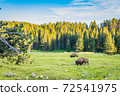 Bison at Yellowstone 72541975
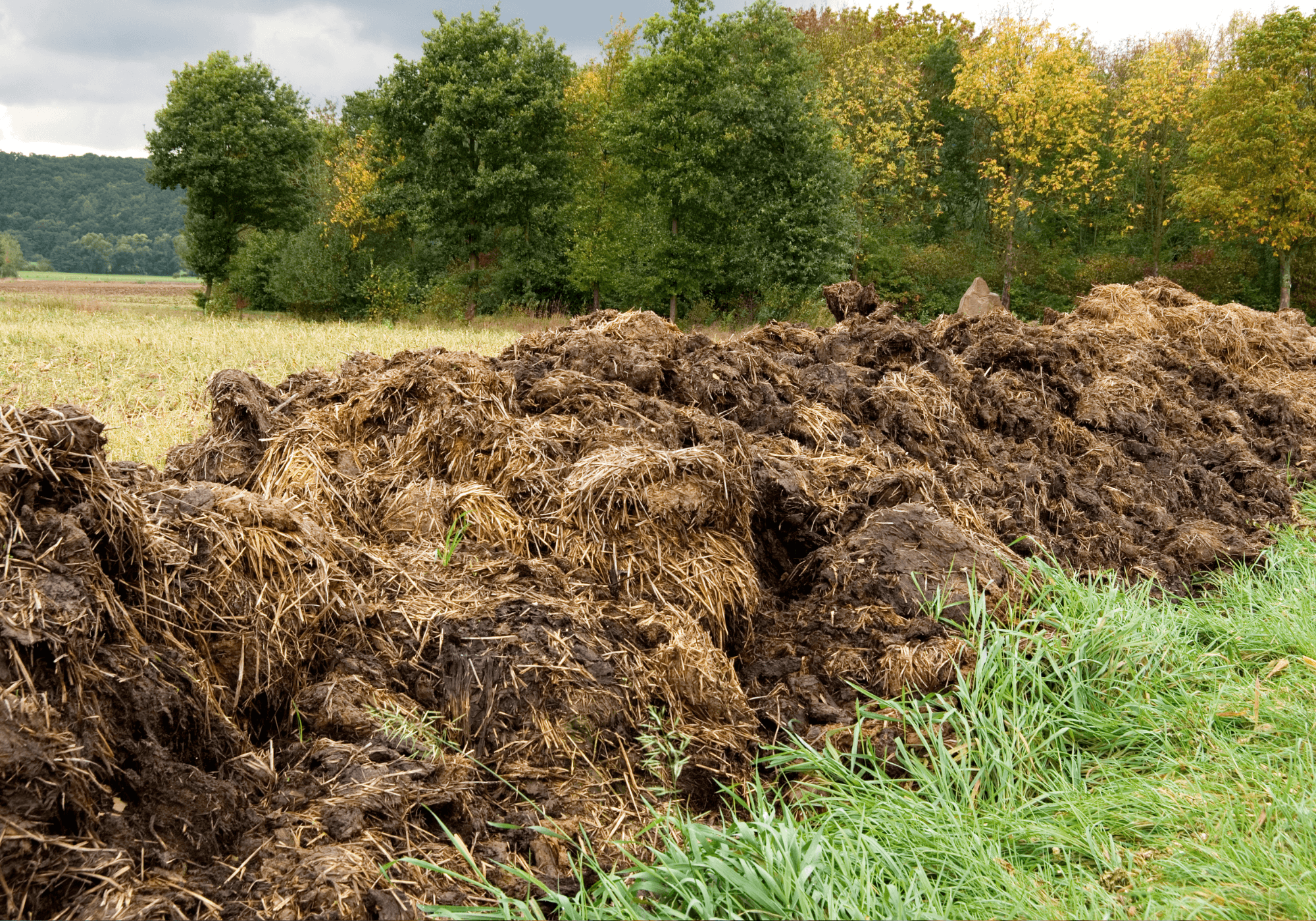 Lange berg koeienmest in een weiland met bomen op de achtergrond
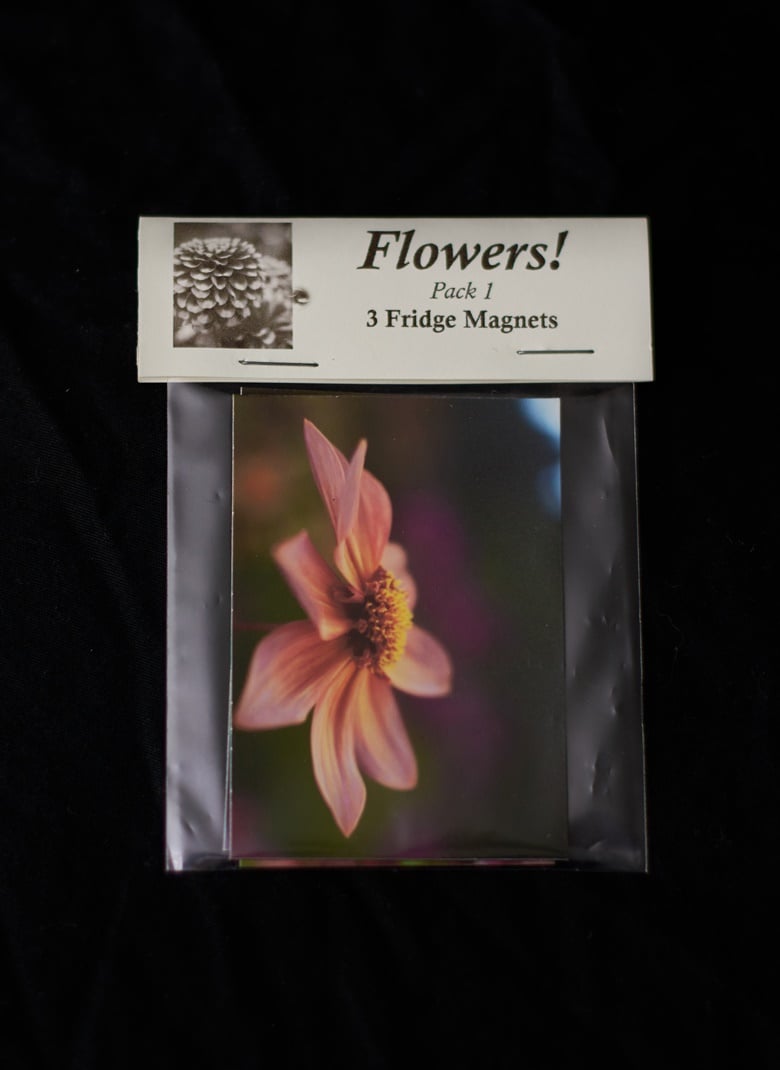 Image of Flower Magnet Pack 1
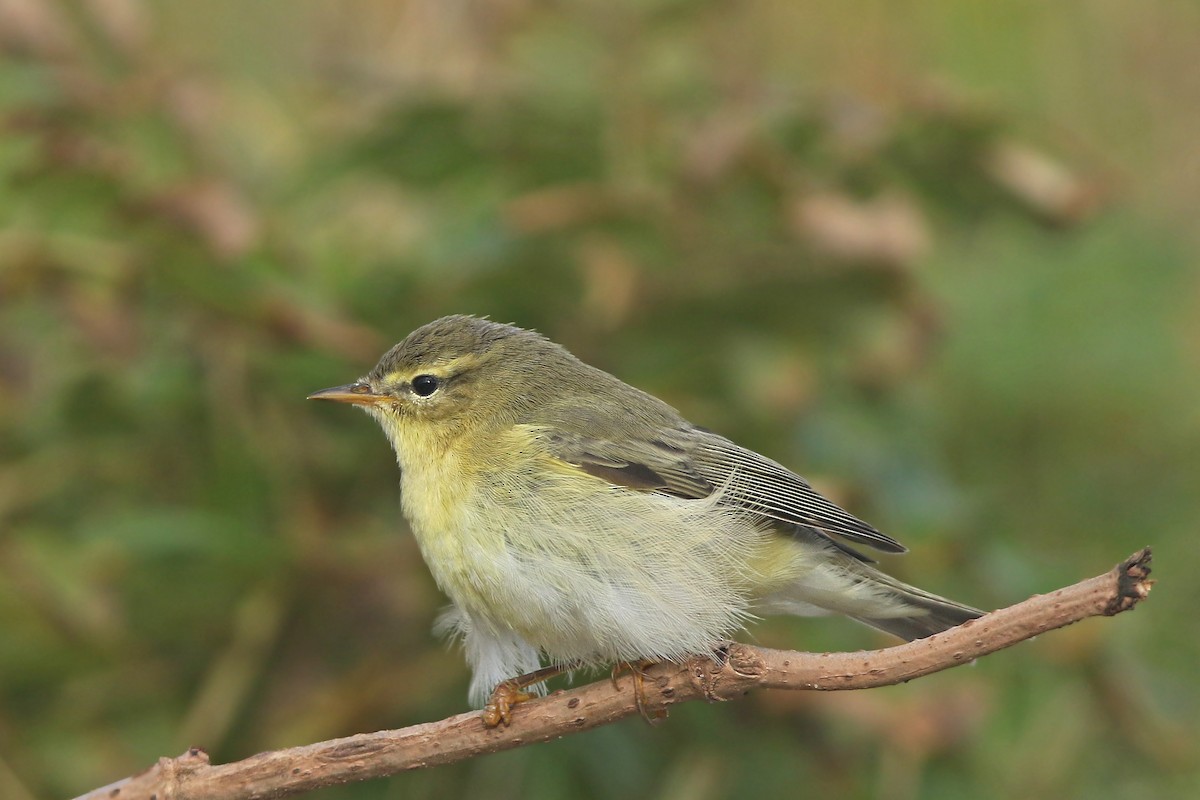 Willow Warbler - Volker Hesse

Task goal
Write the material out again word for word and omit any images.

Reply
 Bison at Yellowstone 72541975
 Lange berg koeienmest in een weiland met bomen op de achtergrond
 Image of Flower Magnet Pack 1
 Willow Warbler - Volker Hesse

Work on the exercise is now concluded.